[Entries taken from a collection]

* * * * * * * * *

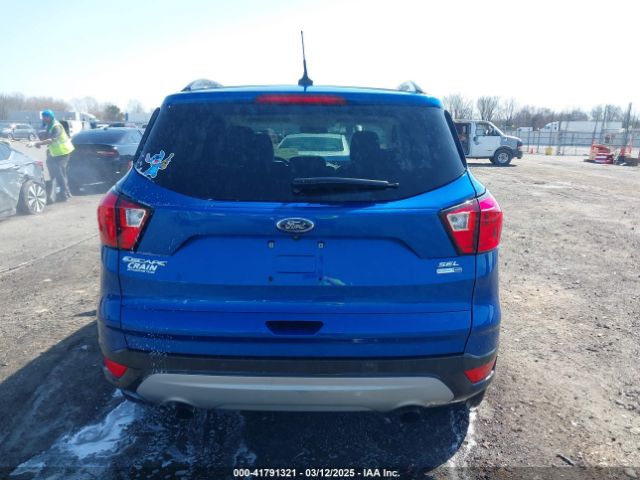 1FMCU9HD2KUB52835 Ford ESCAPE SEL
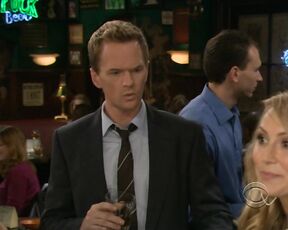 Cleavage on How I Met Your Mother S5e12!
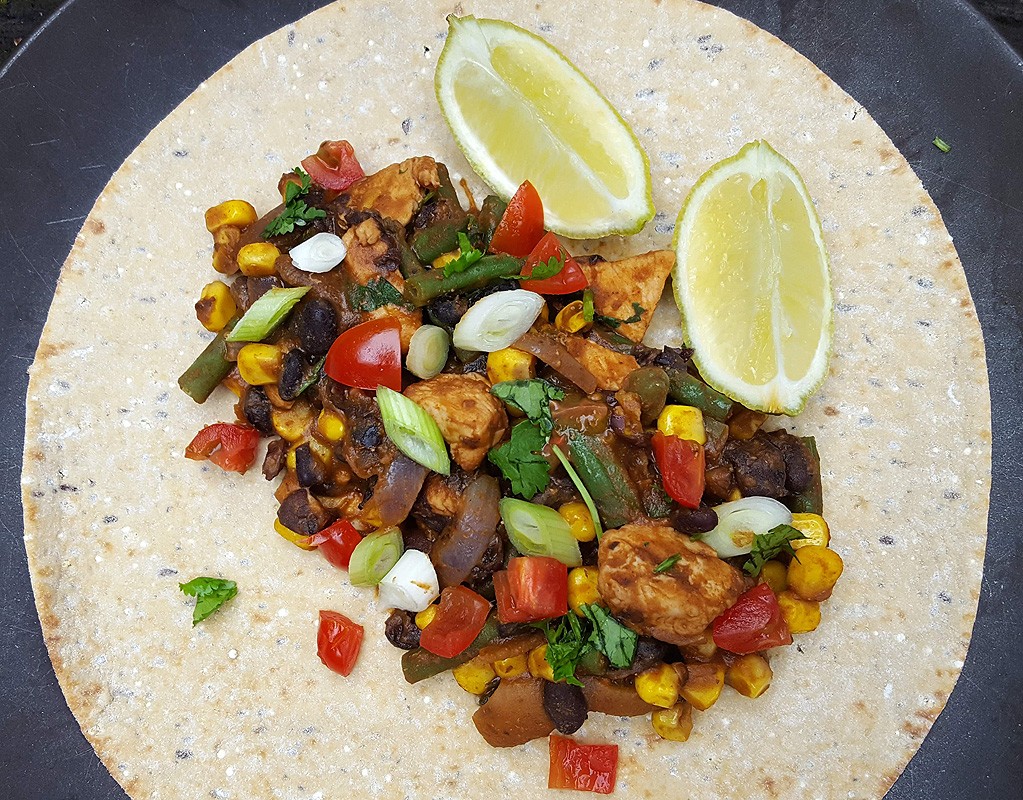 Chicken and black beans tacos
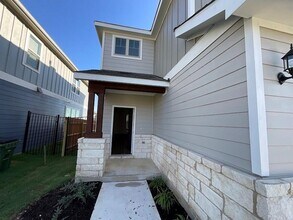 337 Redonda Dr in Liberty Hill, TX - Building Photo - Building Photo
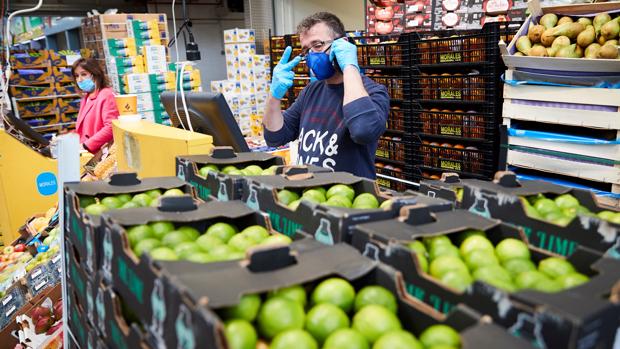 La pandemia transforma la compra de los barceloneses: online, alimentos tradicionales y mucha vitamina C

* * * * * * * * *

WORK ITEM
Pictures aside, set down the lines from the one containing "Chicken and black beans tacos" through the end of the records above, exactly and only those.

WRITTEN REPLY
 Chicken and black beans tacos
 337 Redonda Dr in Liberty Hill, TX - Building Photo - Building Photo
 La pandemia transforma la compra de los barceloneses: online, alimentos tradicionales y mucha vitamina C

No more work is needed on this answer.